How strongly do I recommend Discipline Equals Freedom?
4 / 10
Before you read Jocko, listen to a podcast or YouTube video of him speaking to both make the reading experience more enjoyable and to understand he’s not as meat-headed and macho as he reads on paper.
Read this book with a grain of salt. Jocko’s advice won’t apply to every situation. But the concepts Jocko offers provide a good check against your weaknesses.
Top Ideas in This Book
Self-help books love motivation and this isn’t your typical self-help book.
Jocko is about discipline. Having the fortitude to get the job done each and every day.
Stop searching for motivation and start putting in the work.
To Jocko, proactive and aggressive are synonyms. Being aggressive is about moving and thinking fast.
Aggression is an internal state of mind focused on winning.
Not feeling motivated to fix a bug? Do it anyway.

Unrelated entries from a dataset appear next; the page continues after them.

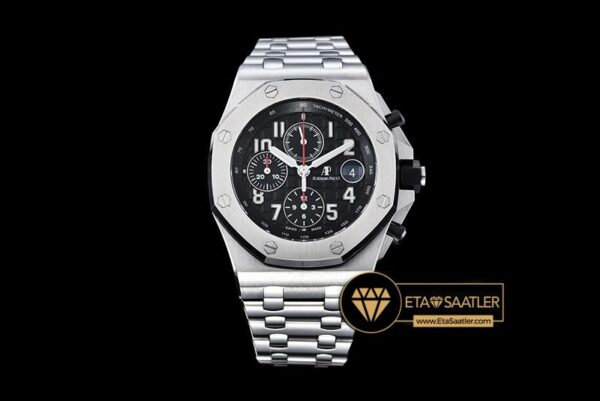 AP0374B – AP Royal Oak Chrono 26470 SSSS Black A3126 – Noob modelleri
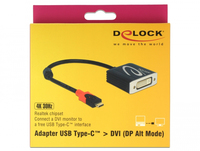 [6159860000] Delock 61213 - 0.2 m - USB Type-C - DVI - Male - Female - Straight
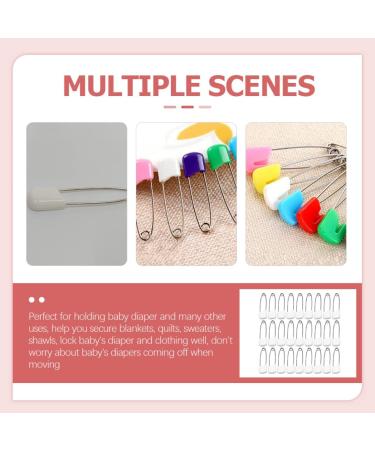 400 Pcs iplusmile Safety Pins for Toddlers and Newborns - Baby Diaper Pins with Plastic Locking Head - Toddler Bibs and Clothing Supplies - White Steel Pins 5.4x1cm (Pack of 4) - Buy Online on GoSupps.com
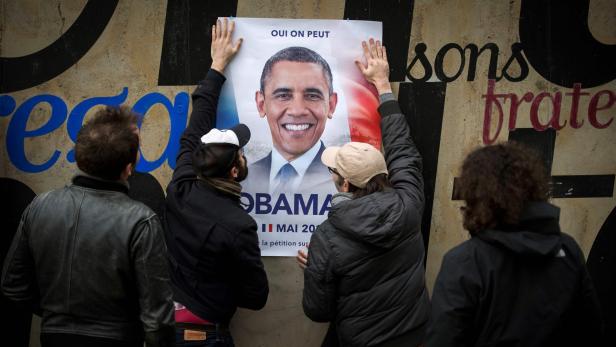 Kritik an Politikern: Junge Franzosen wollen Obama als Präsident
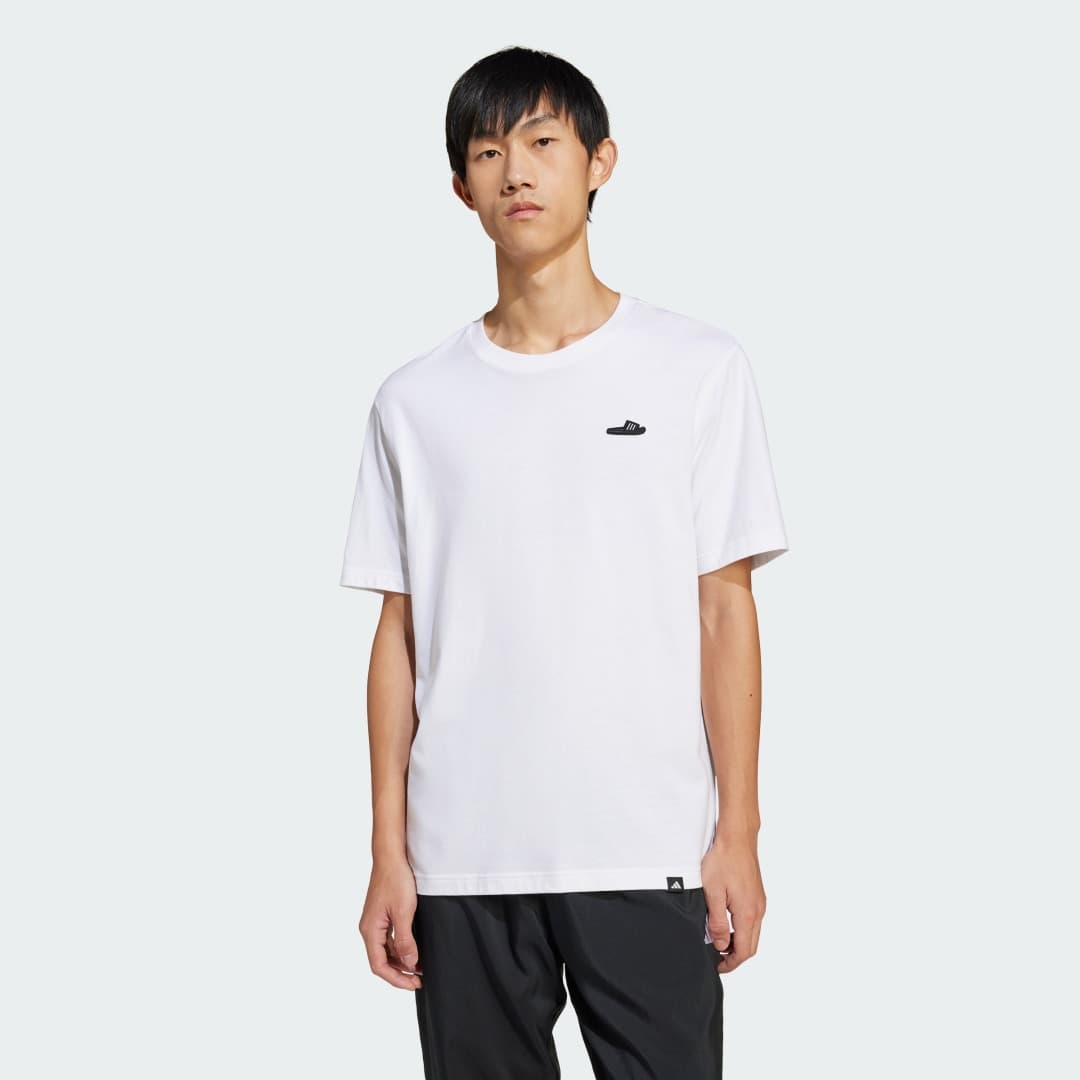 Adidas Lounge Slide Graphic T-skjorte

Don’t want to work out today? Do it anyway.
Put off taking a break.
As a software engineer in a growing field, coasting is easy if you want.
But in a field with rampant ageism, it’s a double edge sword. The first 10 years of your career might feel easy. The next 20 you’re in a defensive position fending off implicit or explicit accusations of stagnation.
The warpath is about constantly preparing your mind and body for battle.
Jocko personifies weakness, hearing it say things like, “I worked out hard yesterday, so I can take today off.”
After personification comes demonization and retribution against weakness for speaking up.
The field of software engineering is booming and many engineers start a job with one foot out the door. In Cracking the Coding Interview, the author recommends interviewing at least once per year! Engineers feel surrounded by opportunity and the abundance of love from recruiters.
They get lost in self-praise. How great I must be that all these companies want to hire me.
And they lose the opportunity to go scorched earth on their current job. To give everything they’ve got. To feel the satisfaction of going all-in.